Brennt ein Wald, sieht man, was passiert. Tiere flüchten, und wer zu langsam ist, der stirbt. Dabei bedeutet die Mahd einer Wiese vermutlich ein noch größeres Unglück für Tiere – nur fällt das kaum auf. „80 Prozent der zoologischen Biomasse werden durch die Mahd vernichtet“, sagt Ornithologe Unger. Zoologische Biomasse? Insekten, Mäuse, junge Vögel, auch größere Tiere, die sich verstecken.

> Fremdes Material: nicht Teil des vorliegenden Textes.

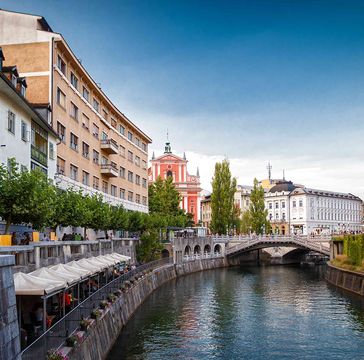 Продажи вторичного жилья в Словении бьют рекорды 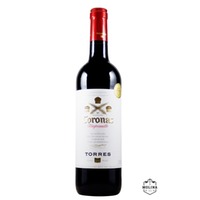 Coronas Tempranillo, D.O.Catalunya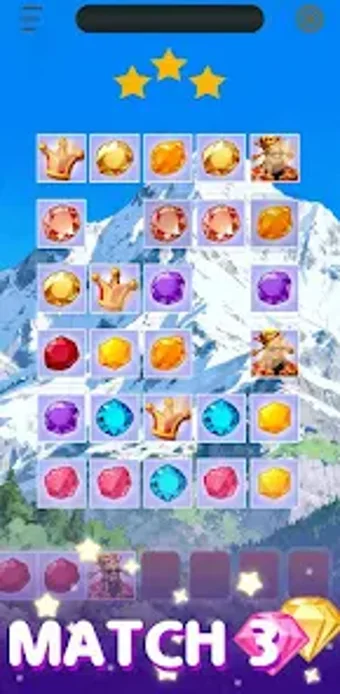 Image 0 pour Gem Blitz Guru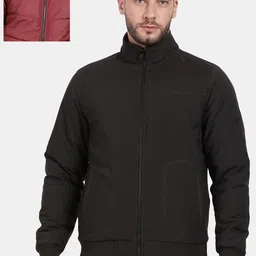 t-base Men Reversible Sporty Jacket-image-45
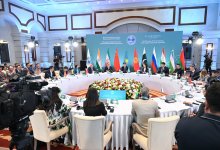 Приоритет на экологию: молодежный совет стран ШОС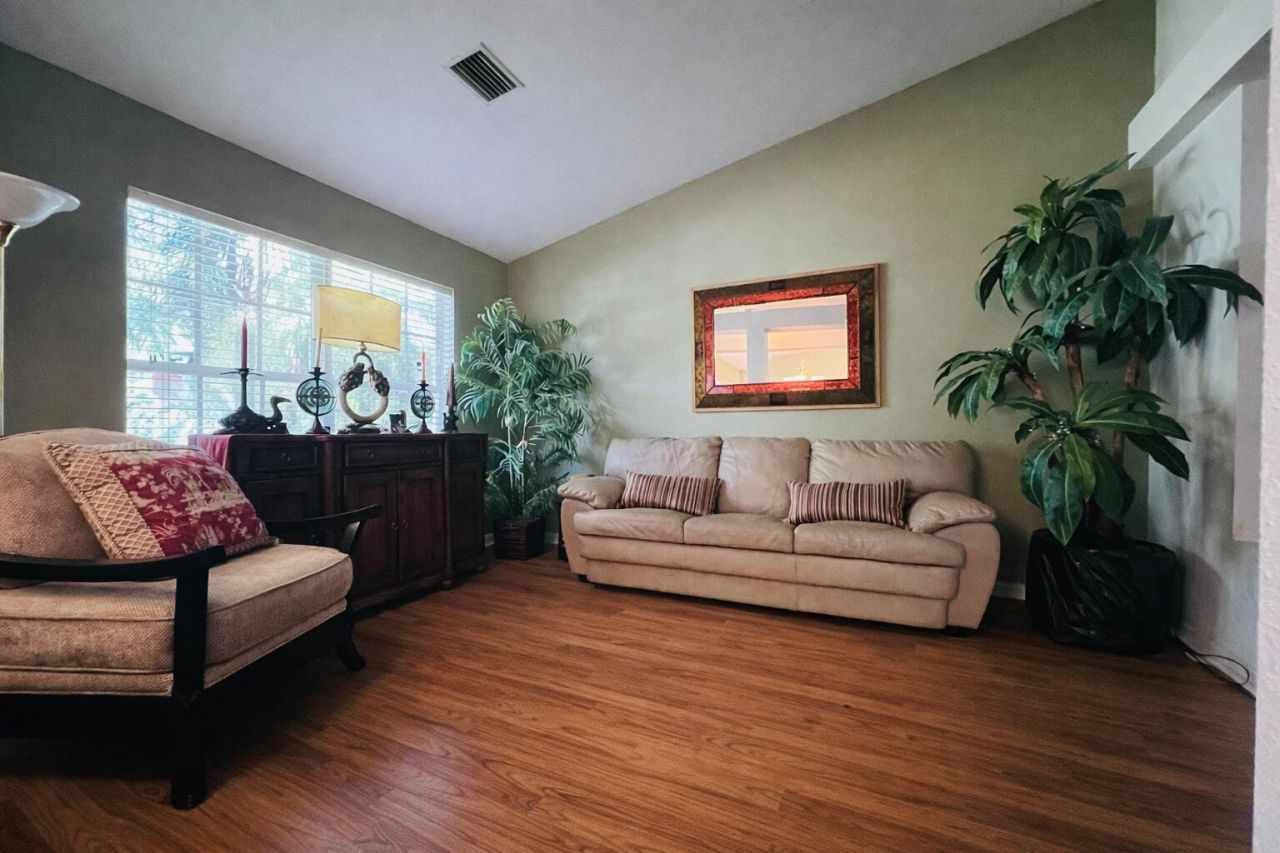 1658 SW Fortune Road, Port Saint Lucie, FL 34953 Photo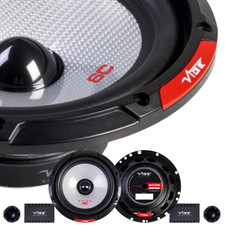 Vibe Car Audio Door Shelf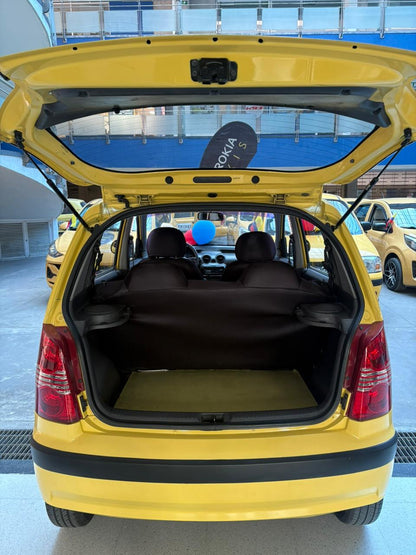 Hyundai Atos 1.0 - 2011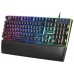 TECLADO HIBRIDO MECANICO SWITCH RED RGB MK320ES MARS GAMING (Espera 4 dias)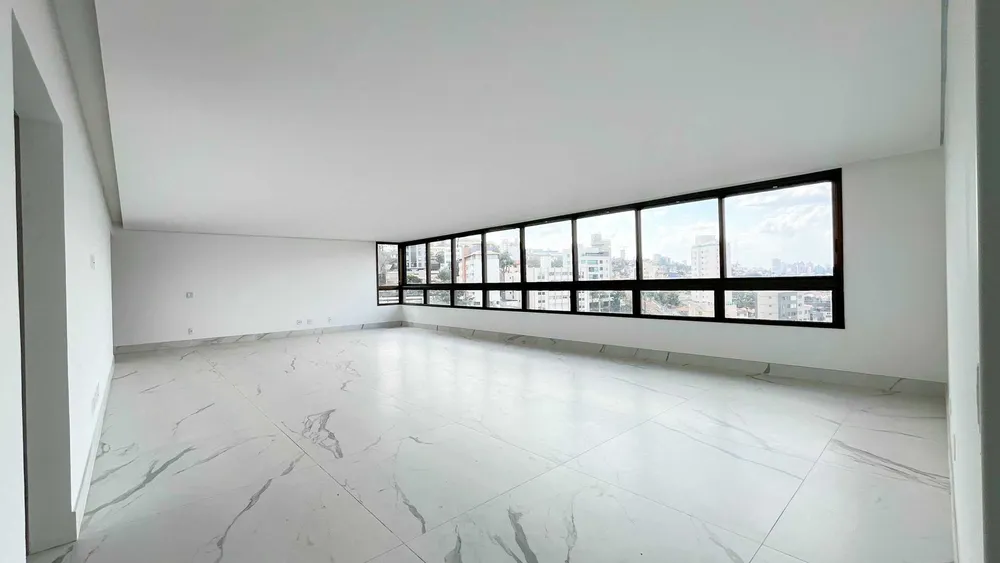 Apartamento, 4 quartos, 186 m² - Foto 2
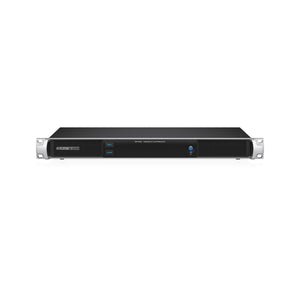 Klark Teknik DF1000 Dual-Channel Automatic Feedback Suppression Processor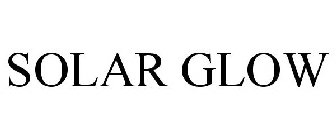 SOLAR GLOW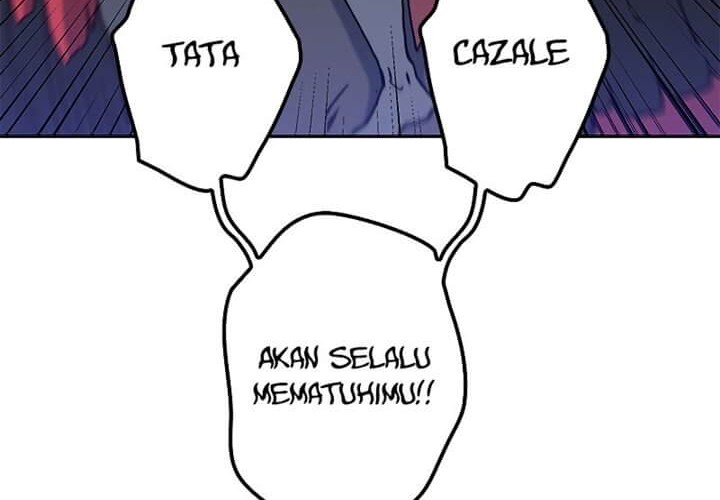 White Dragon Duke: Pendragon chapter 13 halaman 43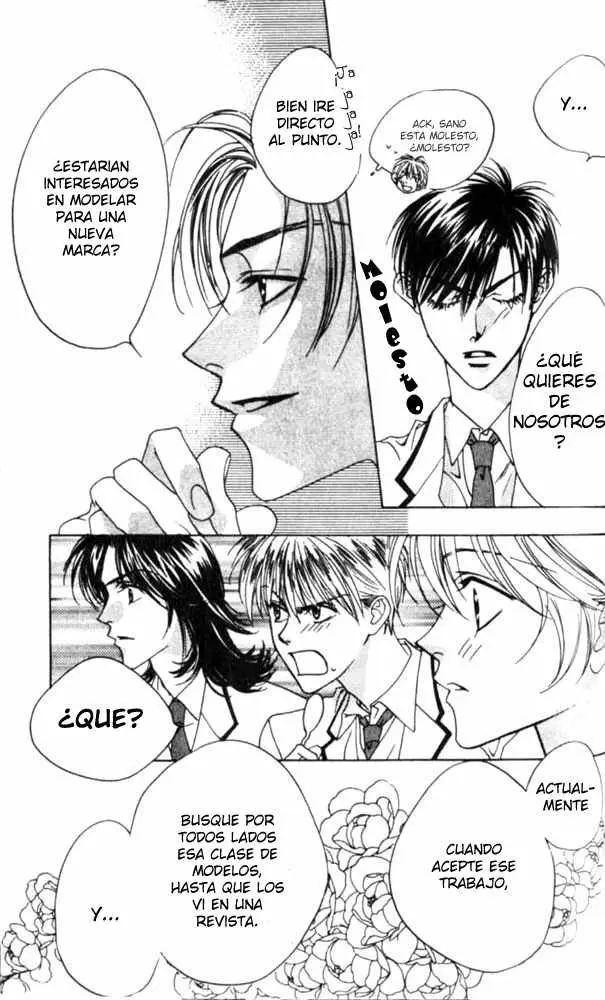 Hanazakari no Kimitachi e (1996) - Capítulo 42 - Página 7 - LectorTMOo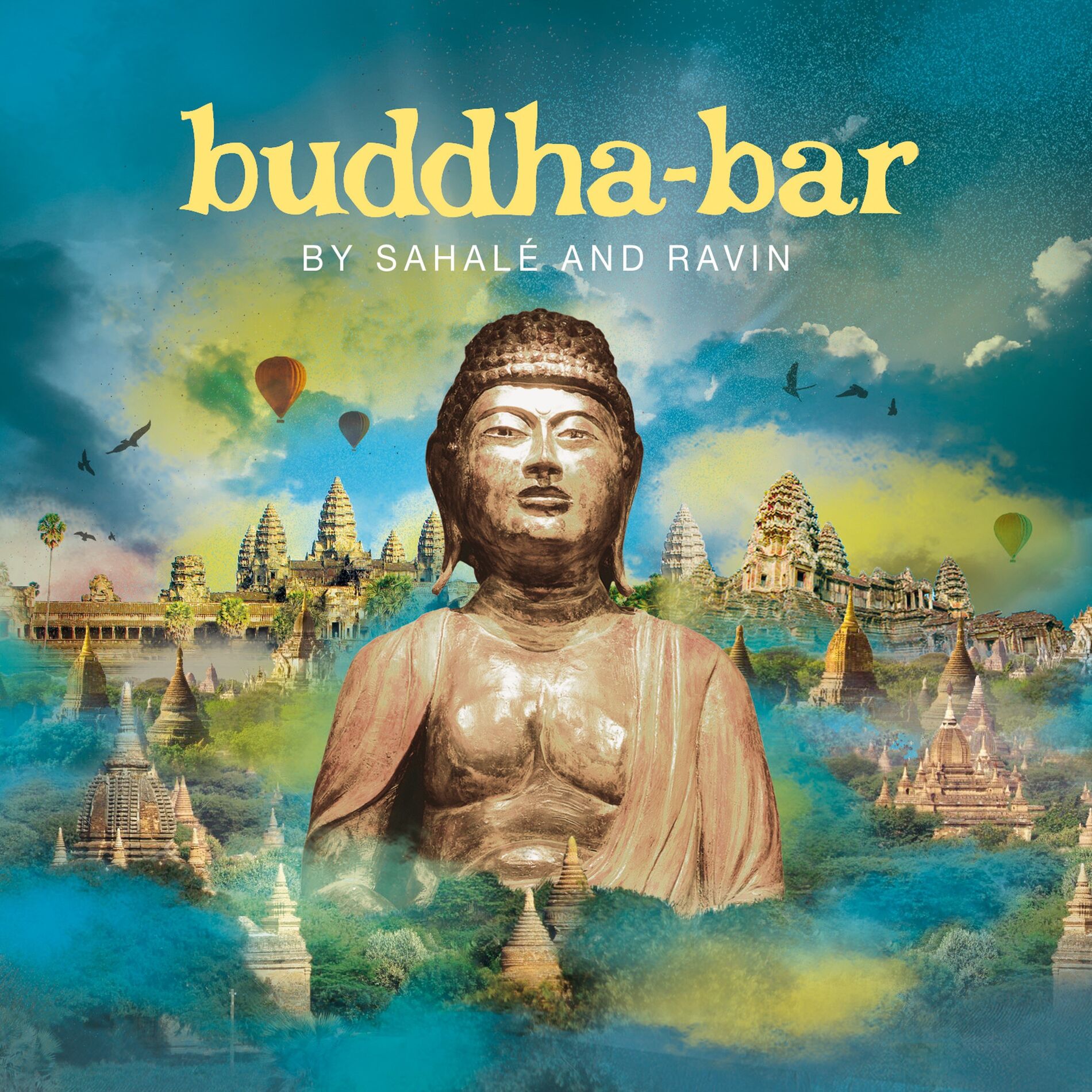Album cover of Chakya Muna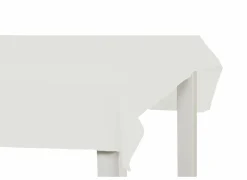 Tafelkleed Teflon 150x350cm - stof - wit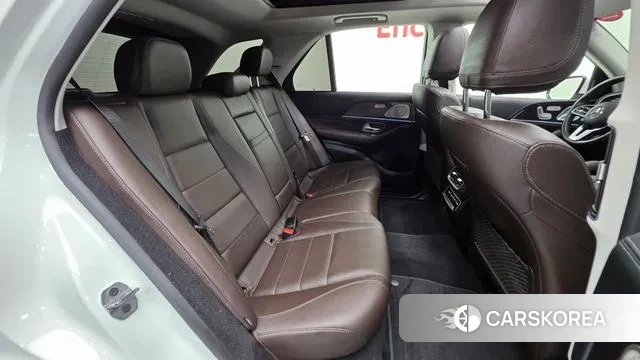 Mercedes-Benz GLE-Class W167 id 2968989 из Кореи 10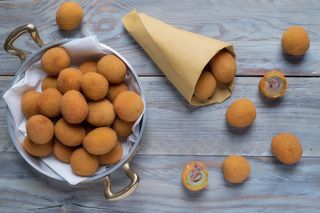 Olive ascolane 6 pezzi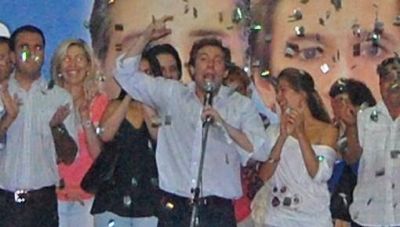 Sigue la pelea por la fecha electoral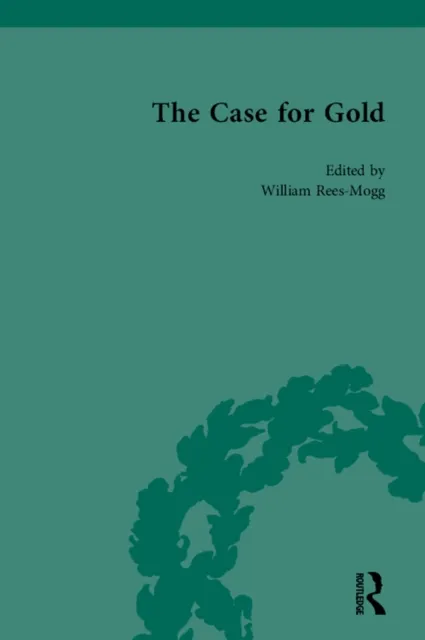 Case for Gold Vol 3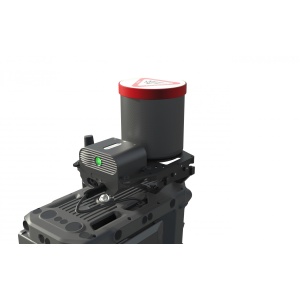 Bezpečnostní systém ParaZero SafeAir M-300 Pro na dron DJI Matrice 300 RTK PS300001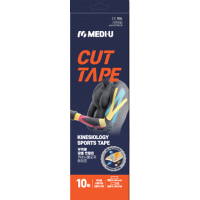 Kinesiology tape 1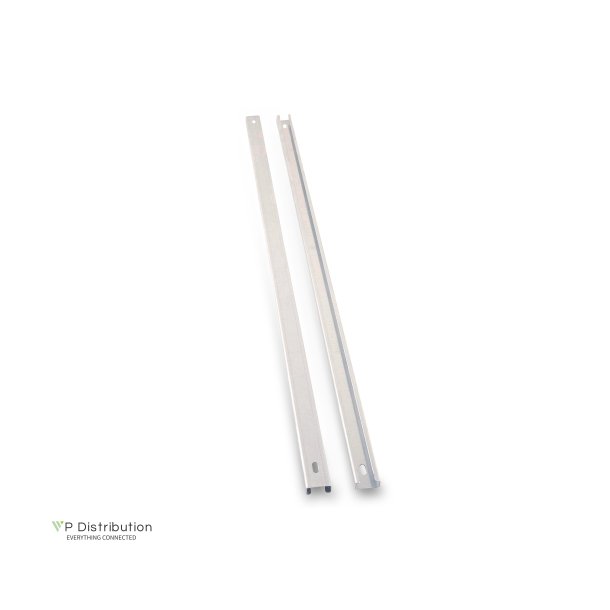 Digitus C-profile rail for Unique and Dynamic B. network for 1000 mm depth racks, 30 x 15 x 930 mm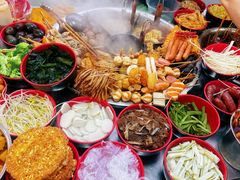 -小吴水煮(羊子巷店)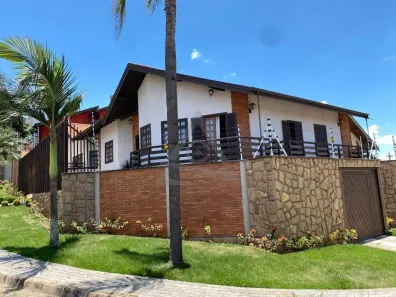 Casa com 4 Quartos à venda, 350m² no Parque Alto Taquaral, Campinas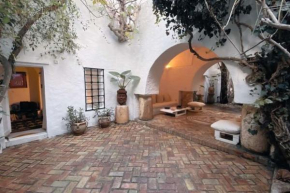 Dar Essarouel B&B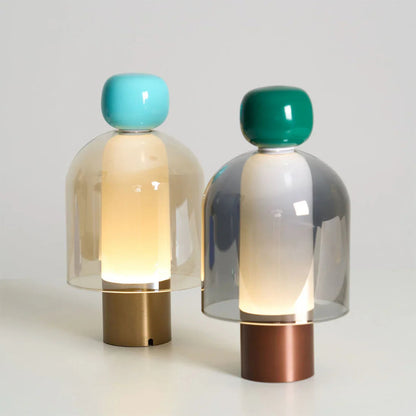 Modern Ambient Table Lamp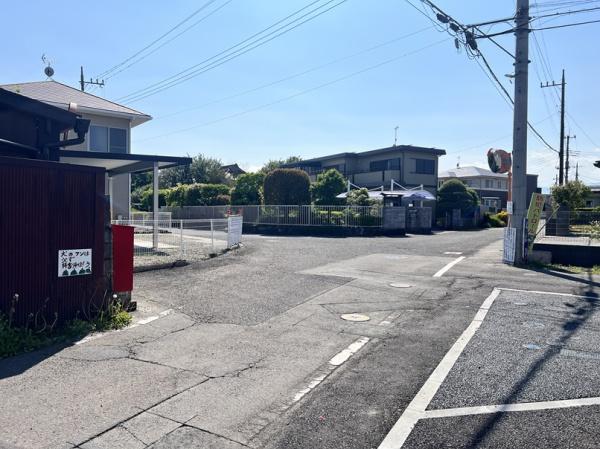 大田原市末広２丁目の新築一戸建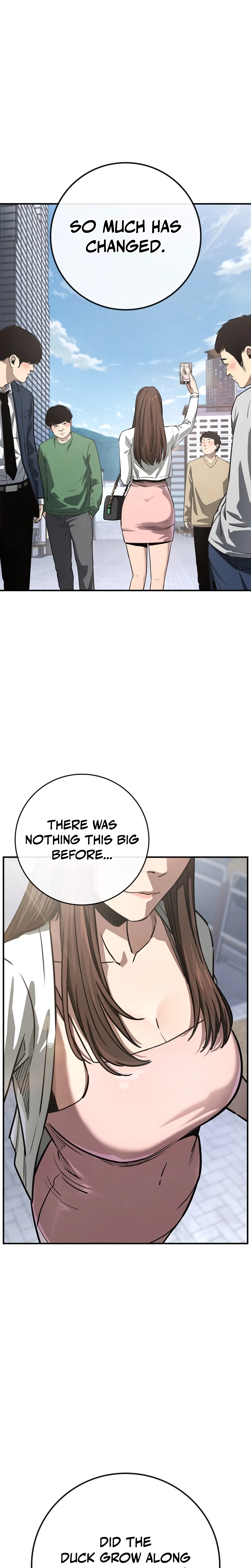 Contract Killer Enrollment Chapter 1 Page 10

Dem Uhu kommt die Beute abhanden. Entsprechend größer muss sein Jagdrevier werden. Früher maß es in Thüringen zwölf Quadratkilometer, heute sind es 250 Quadratkilometer.
Trotzdem leben in Thüringen zurzeit mehr Uhus als jemals zuvor: 110 Brutpaare, dazu einzelne Vögel, insgesamt gut 300 Tiere.
1950 lebten in Thüringen 20. Im Jahr 2015 hockten sogar 75 junge Uhus in den Horsten. Thüringen-Rekord!
Aber auf die Hoffnung folgten drei schlechte Jahre. Das UhuJahr 2018 ist sogar zum Gruseln. Thüringens Uhus brachten nur
14 Jungvögel zur Welt. „Davon leben jetzt noch zehn“, sagt Görner. Der Forscher fordert: „Der Uhu muss zurück auf die Rote Liste der vom Aussterben bedrohten Arten.“
Die Zahlen, die Görner seit 1973 wissenschaftlich erhebt, sprechen für sich: Jedes Jahr sterben in Thüringen im Durchschnitt 30 Uhus, 15 wachsen nach. Setzt sich das so fort, wird es nach Görners Langzeitprognose im Jahr 2050 nur noch 20 Uhus geben – so viele wie 1950.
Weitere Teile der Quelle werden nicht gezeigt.